Edited and revised, with Summary and Accomplishments added by Kimberly Nichols

Biography of Yayoi Kusama, Japanese Artist

  • Art History
  • Architecture

biography yayoi kusama

  • M.A., History of Art, The Courtauld Institute of Art
  • B.A. History of Art, Yale University

Yayoi Kusama (born March 22, 1929 in Matsumoto City, Japan) is a contemporary Japanese artist, best known for her Infinity Mirror Rooms, as well as her obsessive use of colorful dots. In addition to being an installation artist, she is a painter, poet, writer, and designer. 

Fast Facts: Yayoi Kusama

  • Known For: Considered one of the most important living Japanese artists and the most successful female artist of all time
  • Born: March 22, 1929 in Matsumoto, Japan
  • Education: Kyoto School of Arts and Crafts
  • Mediums: Sculpture, installation, painting, performance art, fashion
  • Art Movement: Contemporary, pop art
  • Selected Works: Infinity Mirror Room—Phalli’s Field (1965), Narcissus Garden (1966), Self Obliteration (1967), Infinity Net (1979), Pumpkin (2010)
  • Notable Quote: "Every time I have had a problem, I have confronted it with the ax of art."

Early Life 

Yayoi Kusama was born in the provincial Matsumoto City, Nagano Prefecture, Japan, to a well to do family of seed merchants, who owned the largest wholesale seed distributor in the region. She was the youngest of four children. Early childhood traumas (such as being made to spy on her father’s extra-marital affairs) cemented in her a deep skepticism of human sexuality and have had lasting impact on her art. 

The artist describes early memories of being enveloped by endless flowers in a field on their farm as a young child, as well as hallucinations of dots covering everything around her. These dots, which are now a Kusama signature, have been a consistent motif in her work from a very young age. This feeling of obliteration of the self by repetition of a pattern, in addition to anxiety about sex and male sexuality in particular, are themes that appear throughout her oeuvre. 
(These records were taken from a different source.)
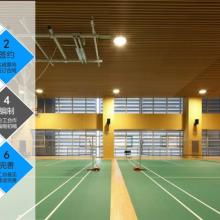  廈門市思明區羅羅家居經營部 主營 家居用品, 布藝,毛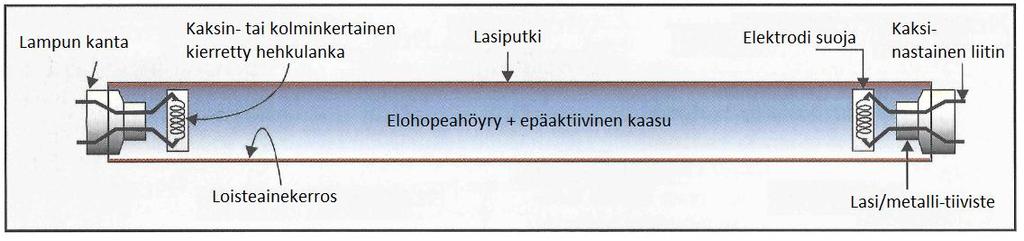 20 3.4.1 Kaksikantaiset loistelamput Kaksikantaisia loistelamppuja nimitetään loisteputkiksi, ja niiden koko ilmoitetaan halkaisijan ja pituuden mukaan.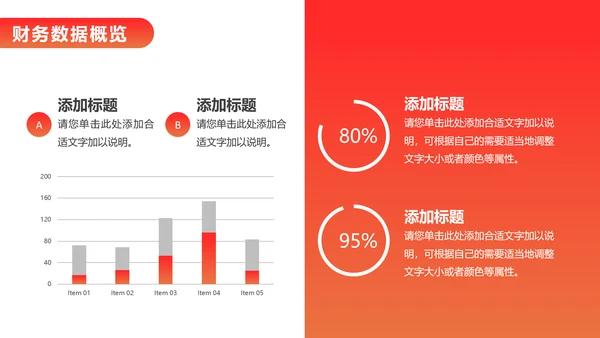 财务报告数据分析统计表PPT模板
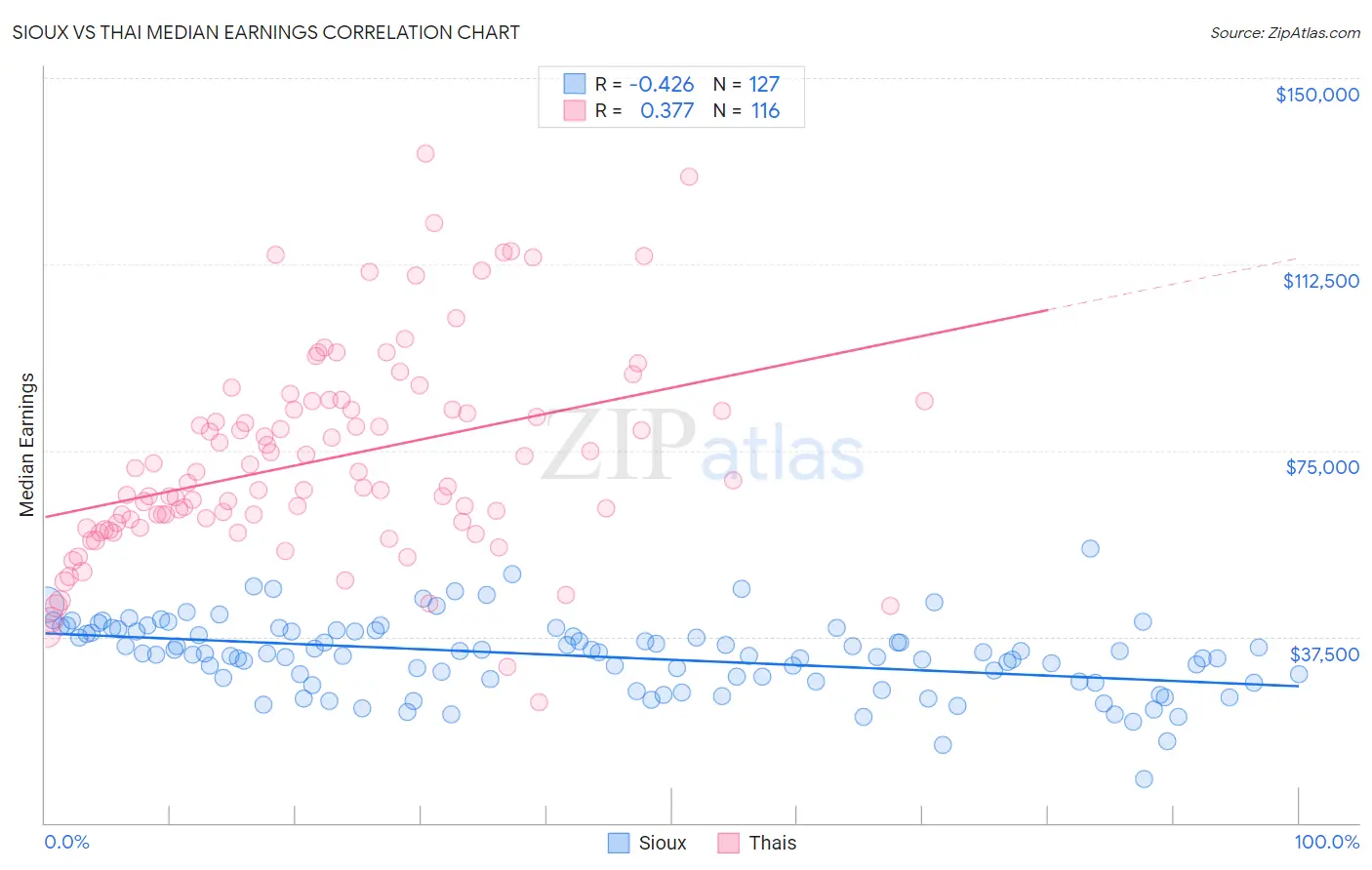 Sioux vs Thai Median Earnings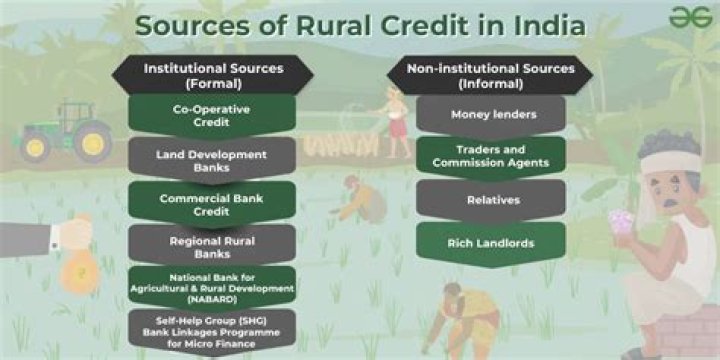 Why are informal sources of credit more prevalent in rural areas?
Kusama began painting when she was ten, though her mother disapproved of the hobby. She did, however, allow her young daughter to go to art school, with the ultimate intention of getting her to marry and live the life of a housewife, not an artist. Kusama, however, refused the many proposals of marriage she received and instead committed herself to the life of a painter. 

In 1952, when she was 23 years old, Kusama showed her watercolors in a small gallery space in Matsumoto City, though the show was largely ignored. In the mid-1950s, Kusama discovered the work of American painter Georgia O’Keeffe , and in her enthusiasm for the artist’s work, wrote to the American in New Mexico, sending along a few of her watercolors. O’Keeffe eventually wrote back, encouraging Kusama’s career, though not without cautioning her to the difficulties of the artistic life. With the knowledge that a sympathetic (female) painter was living in the United States, Kusama left for America, but not before burning many paintings in a rage.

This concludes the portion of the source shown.